In the course of my technical career, I have used many computer languages and systems, but to list these and emphasize the specific ones would miss the forest for the trees. Most recently I have been learning go to work on currency protocols and Ruby on Rails for content management systems. I have always been self-taught, I first learned BASIC to get a summer job when I was still in high school. I learned Ruby and now Go in order to contribute to Wagn to further currency projects. When I was in high school, I learned  Fortran  and was able to learn enough BASIC from a book to apply for my first job as a computer programmer. Although the motivation was different, the languages acquired have been just as marketable. I put myself through MIT on the money I earned programming in BASIC, and most of my recent paid work has come from learning Ruby and Rails in my work contributing to Wagn. Studying electrical engineering and computer science at MIT, I had a big advantage over my classmates from my early professional programming work.

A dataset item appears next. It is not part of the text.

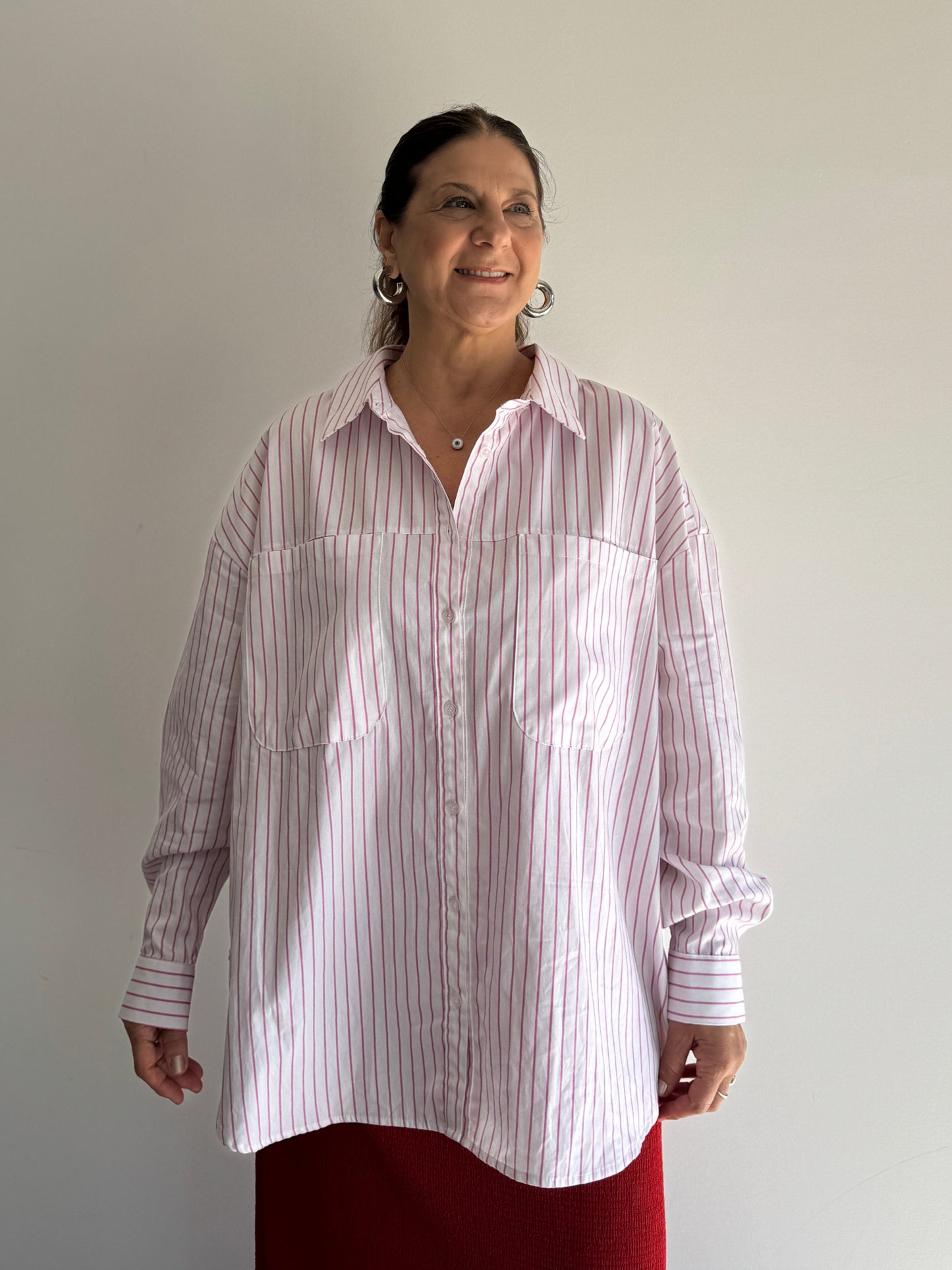 CAMISA BRANCA LISTRAS PINK - GG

More important than where we have been is what we are moving to. As our material culture changes at ever increasing speeds, what one needs to know how to do changes. Horses and carriages are no longer day to day technology, now only of historical and recreational interest, but smartphones, clouds and the internet is. Knowing programming, HTML and CSS are just as important as shoeing a horse was in the past. In ten or twenty years you will need to know a host of new technologies and languages that are yet to be invented.

Although the work experience on my professional resume is largely confined to software development and systems engineering and administration, even there my interest in whole systems knowledge can be seen. Because I came up in the hobby computer era before PC when the Apple II was born, I had to learn about hardware and systems on my own in order to assemble a computer system from kits. This gave me the hardware background required to work in the PC industry. I started at Victor Business Products at the same time the first IBM PCs were shipping.

I have a prototype Victor 9000 in my office. This machine could become a learning by doing project to see if it might run again. Imagine a team of learners and doers powering this computer on for the first time in thirty years. One team could be making sure the boot floppies are dust free and the drive is clean and ready, and another team could be taking videos and learning to produce web content to document the process and teach others.

I am even more interested in the social architectures of learning and production. An integral part of any software development effort are the development methodologies used and recently many teams have moved to what are called agile processes. Not a one size fits all methodology, but a set of social processes that are evolved in practice into working norms and process architectures that are matched to the team and its work. I am not interested in abstracting or separating this work in process architecture from the work being done. This meta-work must serve our ends, not only to make the work more effective or efficient, but to serve our human needs to work in supportive communities and to be invested in our work and the outcomes.


I'm sort-of going round and round on this and not really finding a direction. Maybe some new notes:


To collaboratively build a sustainable future by design. To find a new wisdom of leadership through service to ambitious human goals. To find a path to sustainable wealth for all.